#include<iostream>
#include<vector>
usingnamespace std;
int main()
{
vector<char>v(10);
int i;
cout << "current size of vector is\n"<<v.size()<<endl;
for(i=0;i<v.size();i++)
{
v[i] = 'a' + i;
cout << "contents of vector are\n"<<v[i]<<endl;
}
for(i=0;i<10;i++) //why not i<v.size() ?
{
v.push_back('a' + i + 10);
}
cout << "new size of vector is\n"<<v.size()<<endl;
for(i=0;i<v.size();i++)
{
cout << "new contents of vector\n"<<v[i]<<endl;
}
return 0;
}
This one compiles successfully but when I try to replace the size expansion loop of i<10 condition with i<v.size(); compiler throws a bad_alloc error.
Wondering what could go wrong. Isnt i<10 same as i<v.size()?
Kindly help. Thanks in advance.
Firstly, push_back() increases the size of a vector, by definition. Secondly, the loop condition is checked at each iteration: both the value of 'i' and 'size()' are read and compared.

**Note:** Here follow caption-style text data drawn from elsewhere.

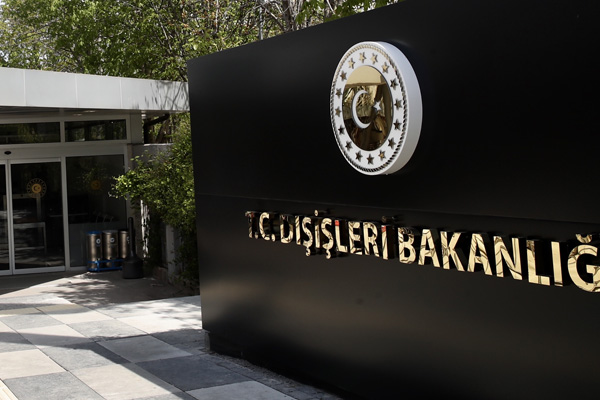 Türkiye'den ABD'nin YSK açıklamasına tepki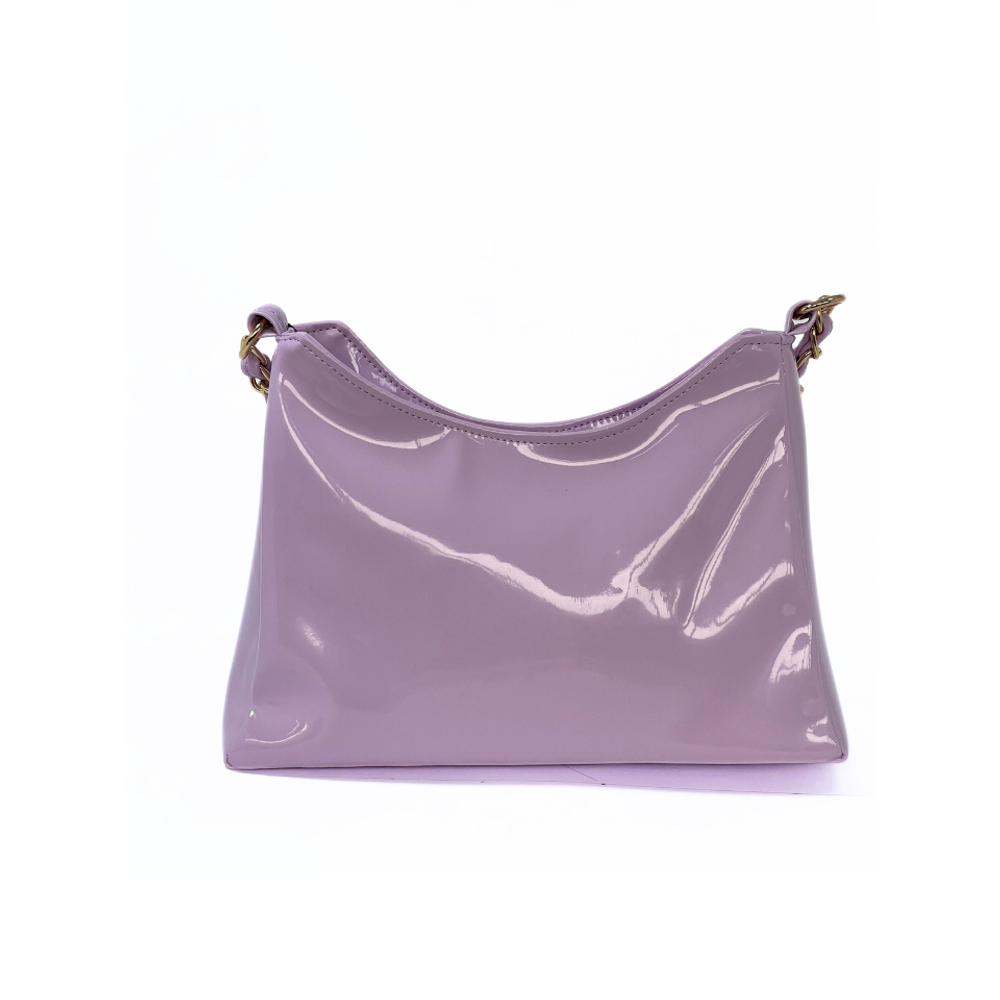 ILEA Ženska torba Dalija 29x21cm, Ljubičasta slika 3
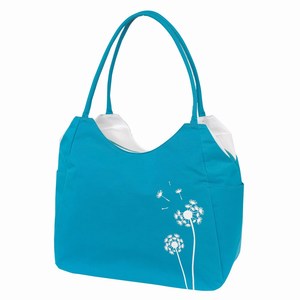 Shopper Blowball, blauw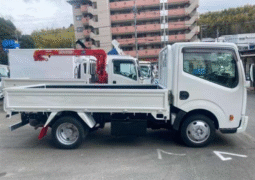 
										NISSAN  Atlas 2010 full									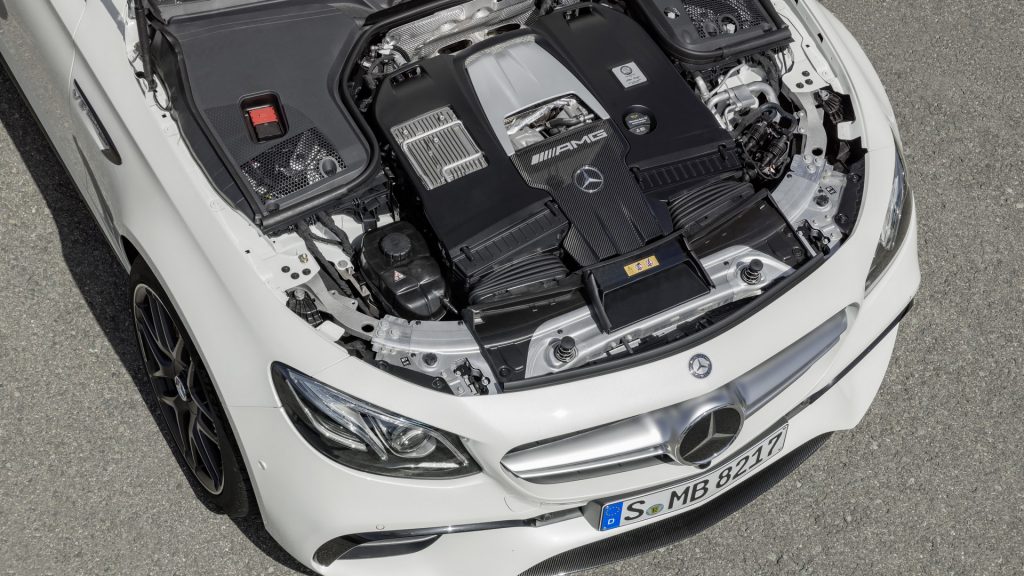 Mercedes-AMG E 63 S 4MATIC+ T-Modell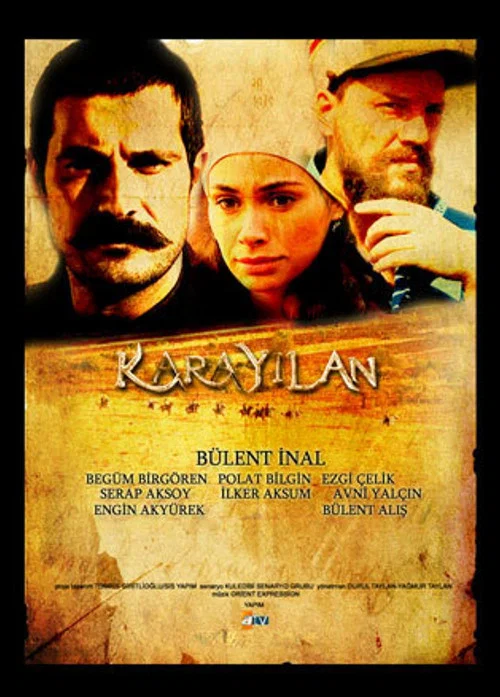 Karayılan постер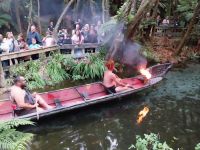 Hangi, Rotorua, Neuseeland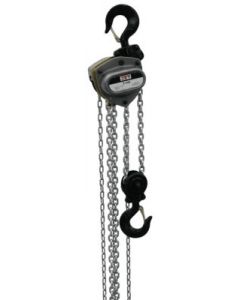 JET 207115 L100-300WO-15 3 Ton Chain Hoist with OLP and 15' Lift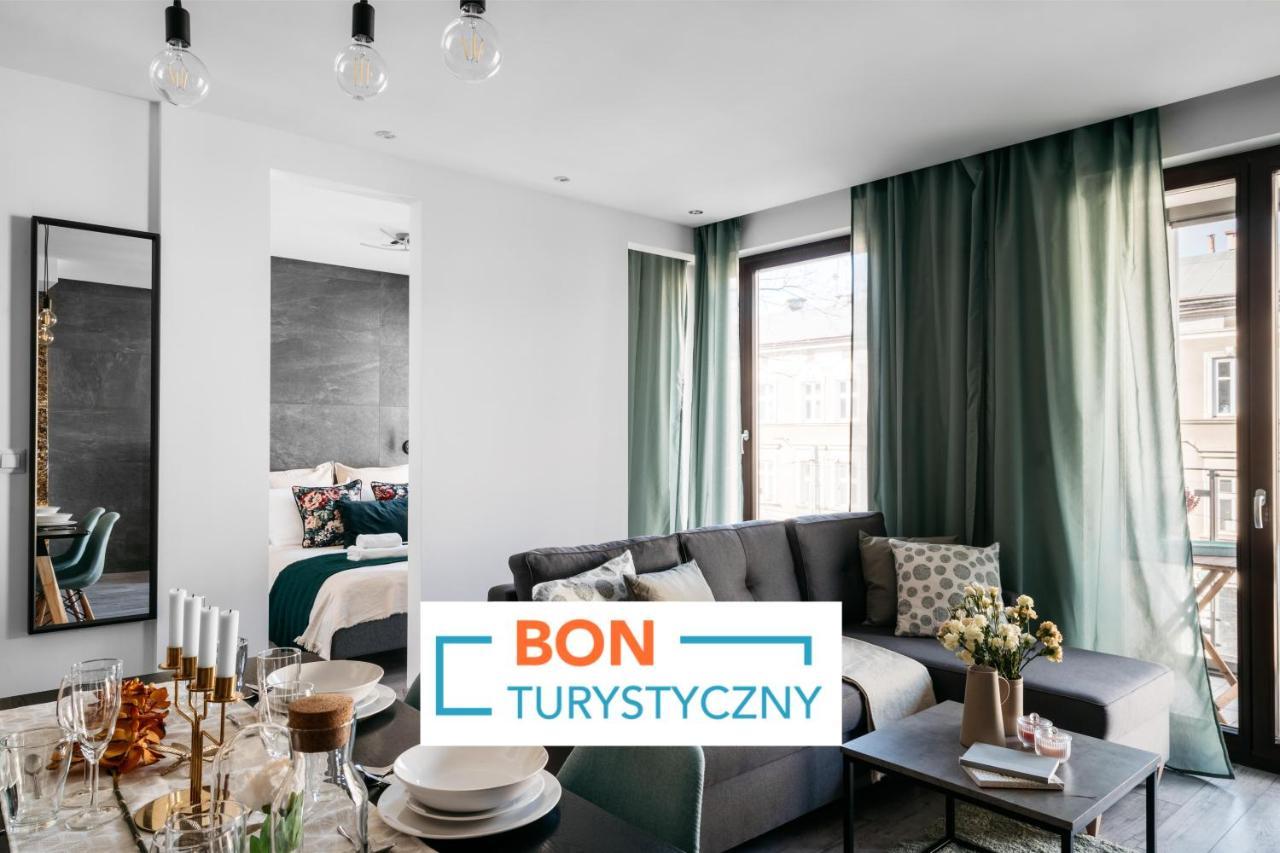 Vistula Apartment - Loftaffair Krakow Luaran gambar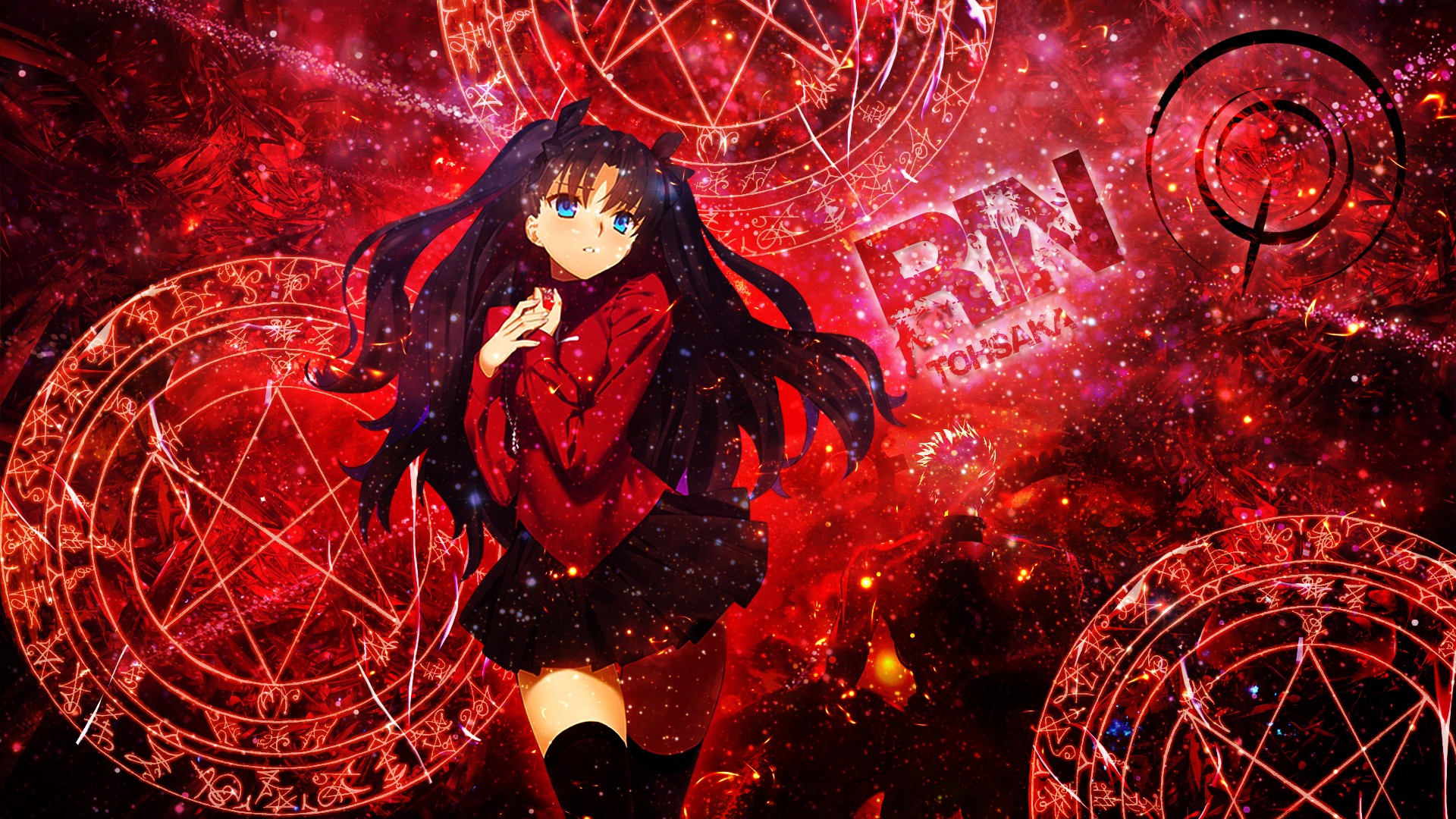 Fate Stay Night Unlimited Blade Works Wallpaper Download Free Cool Hd Backgrounds For Desktop And Mobile Devices In Any Resolution Desktop Android Iphone Ipad 19x1080 480x800 7x1280 19x10 Etc Wallpapertag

As a result, it's essentially the same as this: for (int i = 0, a = 10; i < a; ++i) a++;
If i < a, then i+1 < a+1. In other words, this loop never ends.
Of course, you can do this:
1 2
int size = v.size();
for (i = 0; i < size; ++i) // Code
That way, you simply fetch the starting value of size() and use that.
Oh. You are right. It rings the bell a bit. But still not clear with the concept why v.size() cannot be used. Anyway, thanks for your input :) I will have to dig a bit into it.